Silence, citizens! Once again the techs have discovered a way to finally make San Francisco livable for them and it’s not robot taxis or hacker dorms or even selling $10 rolls of quarters for $15. No, this is much, much bigger and you are invited to look but maybe not touch. LET’S GO TO THE CHRON:
Launching May 11, the nonprofit City Campus envisions turning one square mile of the Lower Haight, Hayes Valley and Alamo Square neighborhoods into a multigenerational campus designed to help residents “meet inspiring collaborators; live, eat, and work near friends; find and build your life’s work; raise kids ‘with a village’; explore your intellectual and creative curiosities; engage in civic life; all in community and within a 15-minute walk,” according to the invitation to their first event.
Now, don’t think for a second they’re just going to buy houses and live in them or whatever.
The campus would be created, in part, by gathering residents in adjacent rental properties and individually owned homes, and knocking down walls and fences and conjoining backyards— no small challenge under San Francisco’s notoriously expensive real estate market and byzantine bureaucracy.
Imagine an episode of “Friends,” in which “Chandler bursts into your apartment without having to plan anything,” said co-founder Jason Benn, a former software engineer and former Sequoia Capital scout. “That’s the vibe.”
Dear God, what a fucking nightmare. I didn’t even want anyone bursting into my apartment when I was in my 20’s. Good thing the area doesn’t have a fraught history with redevelopment!
This is all dumb and it’s never going to happen because a square mile in San Francisco, one of the 49 we have, would probably cost 500 billion dollars or something that’s probably too much for the Gofundme they launched. This SFist piece is much better about getting into the details than my stupid rant. But for me the piece de resistance of the whole thing is the terrible AI-generated images of their Friends-inspired utopia. Check it out:
From this angle we look to be maybe southwest of a more groovy and laid-back Transamerica Pyramid, which means they excavated part of Chinatown and replaced it with what appears to be extremely low-density housing and a field.
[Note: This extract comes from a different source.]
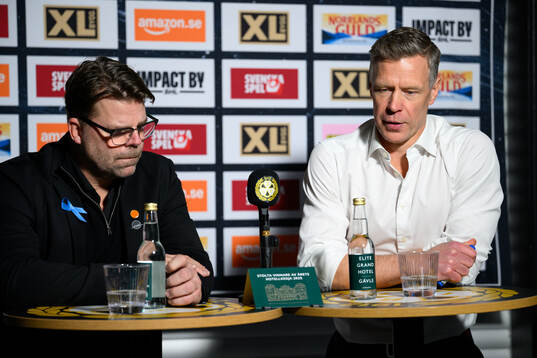 Brynäs assisterande tränare Ove Molin och HV71s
This guy has a severely dislocated shoulder, maybe incurred trying to stop his child from swinging that amputated husky tail at can on the ground.
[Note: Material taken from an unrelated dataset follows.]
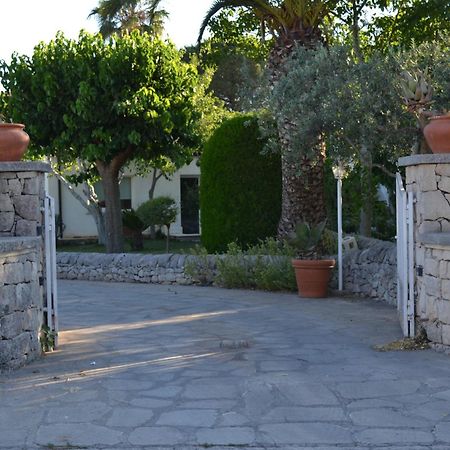 Casa Degli Avi Don Neli, Immersa Nella Natura モーディカ エクステリア 写真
“Don’t drown yourself in the ramen, Matt, you can get another job in Bitcoin and Bitcoin-related products!”
This one’s my fave because the plan will require sawing off the two wings of City Hall, lifting the dome into the air, and turning Van Ness from Grove to about Market into a pedestrian mall (and building a bunch of new faux Victorians.)
Notably, none of the AI-generated images appear to be remotely close to Hayes Valley, Alamo Square, or the Lower Haight (except for the last one, which is kinda Hayes Valley-adjacent). I would very much like to see the one square mile rectangle on a map!
Anyway, anthropologist Setha Law pretty much nails it in the Chron article:
“What seems to be happening is people really want to ‘stay in San Francisco,’ but they want to exit society. They don’t want to have to deal with the complexity, the differences, the poverty, the needs, the caring for others that was always part of urban culture. They want to escape. They want their own currency, their own culture, their own people. And they wanted it to look like Disneyland.”
Given that the renderings already look like Thomas Kinkade on acid, I’d say they’re halfway there.